I recently found myself in a troubleshooting session that taught me an important lesson about assumptions we make in our development workflows. What started as a simple “why won’t this application start?” quickly became a deeper conversation about how we approach dependency management in enterprise environments.
The Problem Unfolds
One of our engineers was struggling with a Spring Boot application that wouldn’t start on an Azure VM. The error was frustratingly vague - just a “connection reset” message that gave us little to work with initially. But as we dug deeper, the real issue became clear.
“I think it’s like a blocker for Internet,” the engineer explained, pointing to the build logs. “All these libraries - Spring Framework, Spring Boot, Java-related dependencies - everything needs to download to our local machine before it can start working.”
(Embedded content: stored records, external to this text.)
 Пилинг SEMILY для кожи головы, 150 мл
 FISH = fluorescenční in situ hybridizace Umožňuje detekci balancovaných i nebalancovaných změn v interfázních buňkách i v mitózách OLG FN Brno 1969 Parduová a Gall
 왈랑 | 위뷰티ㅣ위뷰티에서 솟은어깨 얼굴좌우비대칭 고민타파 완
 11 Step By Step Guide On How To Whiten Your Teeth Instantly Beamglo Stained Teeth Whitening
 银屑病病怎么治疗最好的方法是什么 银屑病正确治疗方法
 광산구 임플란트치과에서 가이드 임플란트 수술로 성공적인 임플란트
The application was trying to pull dependencies at runtime, but our Azure VM was sitting within a hardened subscription with restricted internet access. Only whitelisted URLs could be reached, and we didn’t have access to the Maven repositories and dependency sources our application needed.
The Lightbulb Moment
This is where the real learning happened. My initial instinct was to think about network exceptions and whitelisting - the typical “ask IT to open up access” approach. But as we talked through the problem, a different solution emerged.
“What if we built this locally first?” I found myself asking. “Once we have all the dependencies pulled and we have something like a JAR file, then it stops being a problem, right?”
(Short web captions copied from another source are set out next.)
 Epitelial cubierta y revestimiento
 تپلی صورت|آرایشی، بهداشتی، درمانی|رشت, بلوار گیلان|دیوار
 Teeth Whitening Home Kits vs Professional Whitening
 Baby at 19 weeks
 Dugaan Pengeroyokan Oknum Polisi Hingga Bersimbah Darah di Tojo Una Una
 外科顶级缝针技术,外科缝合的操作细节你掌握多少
The engineer paused. “We haven’t tried that approach before. We never had this kind of access issue.”
And there it was - the assumption we’d been making without realizing it. We’d been designing our deployment process assuming internet access would always be available at runtime. We’d never questioned whether that was the best approach.
Rethinking Our Build Strategy
This conversation shifted my thinking about how we approach builds and deployments, especially in enterprise environments. Here are the key insights:
Runtime dependency resolution is a luxury, not a requirement. Many of us have gotten comfortable with build tools that fetch dependencies on-demand. It’s convenient during development, but it creates a hidden dependency on network access that may not always be available.
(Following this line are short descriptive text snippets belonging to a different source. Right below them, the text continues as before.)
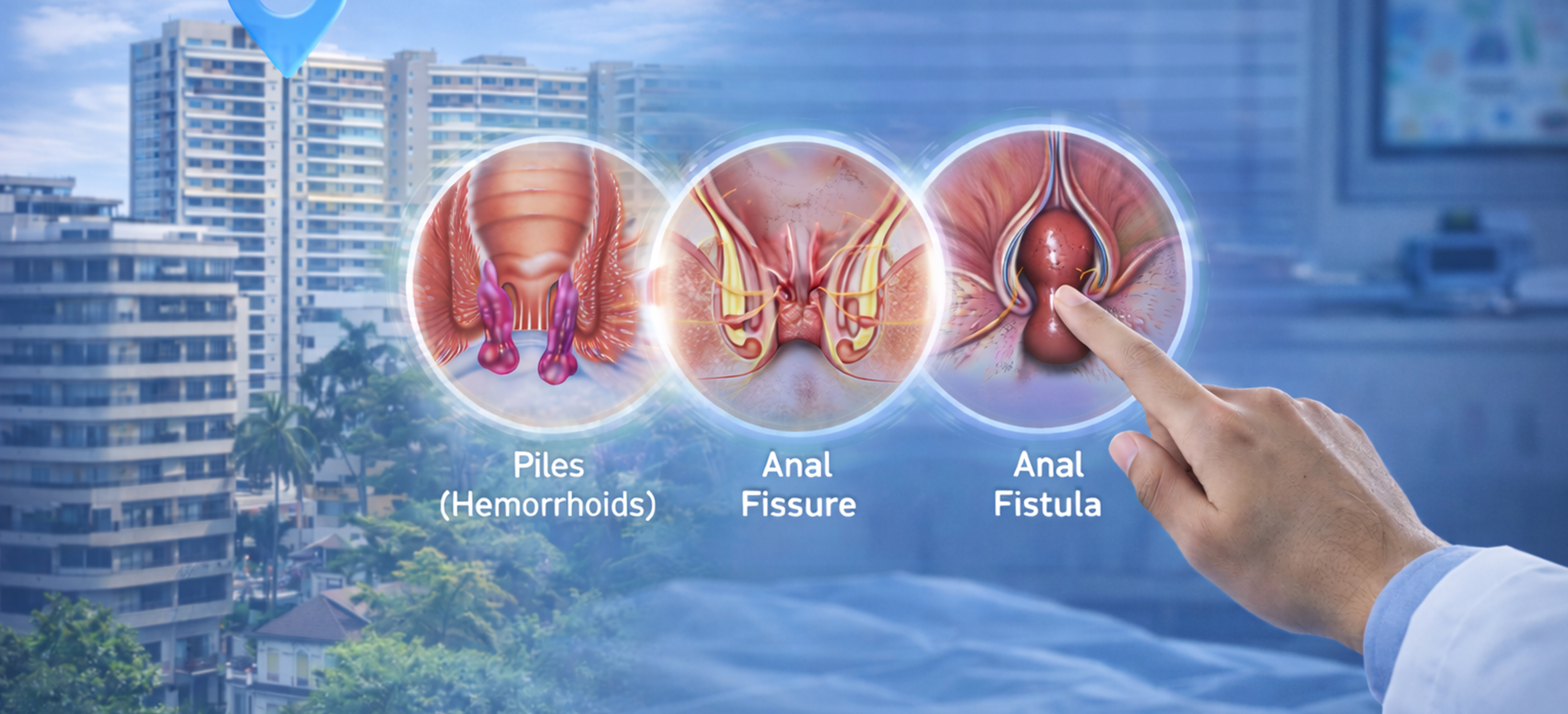 Painless Piles Treatment in Mumbai — Healing Hands Clinic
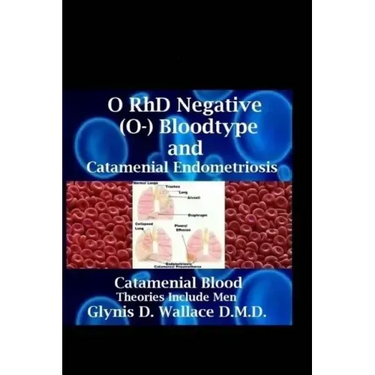 O RhD Negative (O-) Bloodtype And Catamenial Endometriosis: Catamenial Blood Theories Include Men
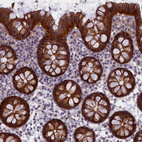 Immunohistochemical staining of human colon shows strong membranous positivity in glandular cells.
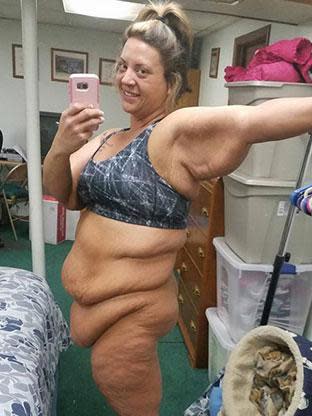 Woman raising 40k to remove 12kg skin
Pre-built artifacts are more portable. When you build everything locally (or in a build environment with internet access) and create a single deployable artifact, you eliminate the network dependency entirely. Your JAR file contains everything it needs to run.
Infrastructure constraints drive better architectural decisions. What initially felt like a frustrating limitation actually pushed us toward a more robust deployment strategy. Self-contained artifacts are generally more reliable and predictable than builds that depend on external resources at runtime.
The Broader Lesson
This experience reminded me that as engineering managers, we need to regularly examine our assumptions about the environments our applications will run in. Network access, package repositories, even basic internet connectivity - these aren’t guaranteed in every deployment scenario.
The solution wasn’t to fight the infrastructure constraints or spend weeks getting security exceptions. It was to adapt our build process to work within those constraints. Sometimes the “limitation” points us toward a better approach we hadn’t considered.
Moving Forward
We’re now implementing a build strategy that creates fully self-contained artifacts before deployment. It’s actually made our deployment process more predictable and faster - no more waiting for dependency downloads during startup.
The next time you encounter what feels like an infrastructure roadblock, ask yourself: “What if this constraint is actually pushing us toward a better solution?” Sometimes the network saying “no” is exactly what you need to hear.